Welcome back, View fans. Here's a look at some of my morning reading. Once again the financial news media is looking more like a police blotter.

Yesterday it was mortgage bonds, today it's Madoff

The New York Times reports that federal authorities are preparing to take action in a criminal investigation of JPMorgan Case & Co., "suspecting that the bank turned a blind eye to Bernard L. Madoff's Ponzi scheme." This, coming shortly after a tentative $13 billion settlement between the bank and various government agencies over sales of defective mortgage-backed securities. A deferred-prosecution agreement in the Madoff matter is possible, according to the newspaper.

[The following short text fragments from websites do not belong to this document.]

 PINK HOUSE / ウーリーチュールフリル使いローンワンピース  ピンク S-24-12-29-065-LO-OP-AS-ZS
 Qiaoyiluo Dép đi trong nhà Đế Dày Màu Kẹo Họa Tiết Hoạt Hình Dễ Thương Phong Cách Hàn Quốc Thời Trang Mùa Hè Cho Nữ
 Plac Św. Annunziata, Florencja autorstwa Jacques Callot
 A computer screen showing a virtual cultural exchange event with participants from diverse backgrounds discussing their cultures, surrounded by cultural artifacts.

Brace yourself for another round of loony-tunes diatribes from Wall Street cheerleaders decrying how unfair all of this.

Plus, lots more mortgage-bond probes still left to go

The Financial Times reports at least nine other large banks face Justice Department investigations into their sales of mortgage-backed securities, as part of the same task-force effort that led to JPMorgan's $13 billion accord: Bank of America, Citigroup, Credit Suisse, Deutsche Bank, Goldman Sachs, Morgan Stanley, Royal Bank of Scotland, UBS and Wells Fargo. So pretty much all the big ones. (Congratulations to Barclays and everyone else that managed to stay off the list.)

Baidu selling wealth-managemen t products? Seriously?

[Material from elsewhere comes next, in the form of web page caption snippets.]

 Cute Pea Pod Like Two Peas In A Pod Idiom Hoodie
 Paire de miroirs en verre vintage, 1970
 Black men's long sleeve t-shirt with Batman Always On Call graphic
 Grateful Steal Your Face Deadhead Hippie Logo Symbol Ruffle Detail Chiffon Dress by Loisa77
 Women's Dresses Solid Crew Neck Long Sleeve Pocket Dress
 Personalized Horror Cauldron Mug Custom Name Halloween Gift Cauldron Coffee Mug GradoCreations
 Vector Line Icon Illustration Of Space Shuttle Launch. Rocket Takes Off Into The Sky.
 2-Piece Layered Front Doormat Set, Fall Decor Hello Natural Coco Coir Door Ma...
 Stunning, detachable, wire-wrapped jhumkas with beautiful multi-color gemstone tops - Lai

This story is just bizarre. Beijing-based Caixin Online reports that Baidu, which is China's version of Google, said it plans to introduce a wealth-management product that would have an 8 percent annual yield and would let investors withdraw money from their account at any time. But then the company deleted the post that contained the guarantee. A Baidu spokesman was quoted as saying the post was removed because "it fell out of line with financial regulations." Sure, this is China. But why is a search-engine operator with a $54 billion stock-market value even thinking about getting into a business like that?

More on Deloitte & Touche's latest embarrassment

Caleb Newquist of Going Concern, which covers the accounting profession, has a write-up on the Public Company Accounting Oversight Board's latest disciplinary action against the Big Four audit firm. I had flagged the case in yesterday's morning links. To recap, Deloitte was fined $2 million because it let a former partner continue working on audits even though it knew he was under suspension by the PCOAB. Here's Newquist: "There's nothing to like about this disciplinary order. If you give one rat crap about the state of the auditing profession and the PCAOB's role as an effective regulator of said profession, then this is just more of the same stuff that drives you berserk."

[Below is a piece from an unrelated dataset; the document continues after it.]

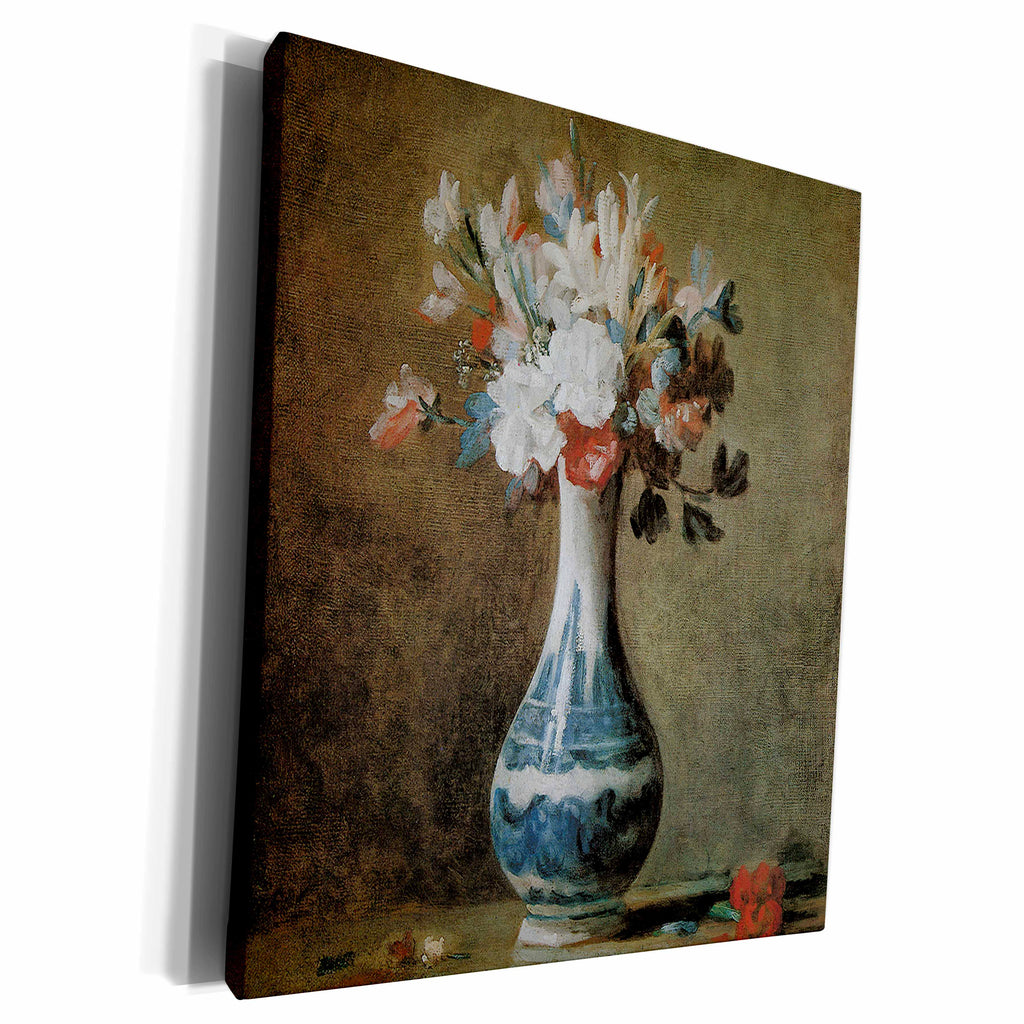3dRose Flowers in a Blue and White Vase by... - Museum Grade Canvas Wrap (cw_126446)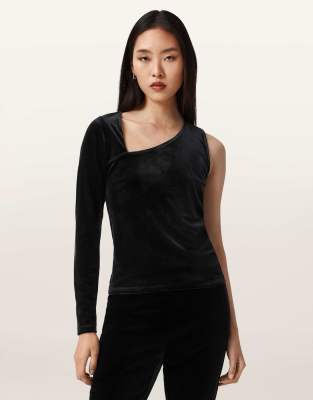 AllSaints - Ari - Oberteil aus Samt in Schwarz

Flip this house, Hamptons -style

From Bloomberg News reporters Prashant Gopal and Oshrat Carmiel: "Hamptons real estate deals are surging, fueling a boom in knock-downs, expansions and quick resales in the beachfront towns favored by Wall Street financiers and celebrities." In New York's Suffolk County, home to the Hamptons, 188 residential properties priced at $750,000 or more changed hands within a year of the previous purchase, up from 22 such high-end flips a year earlier. The Federal Reserve must be thrilled.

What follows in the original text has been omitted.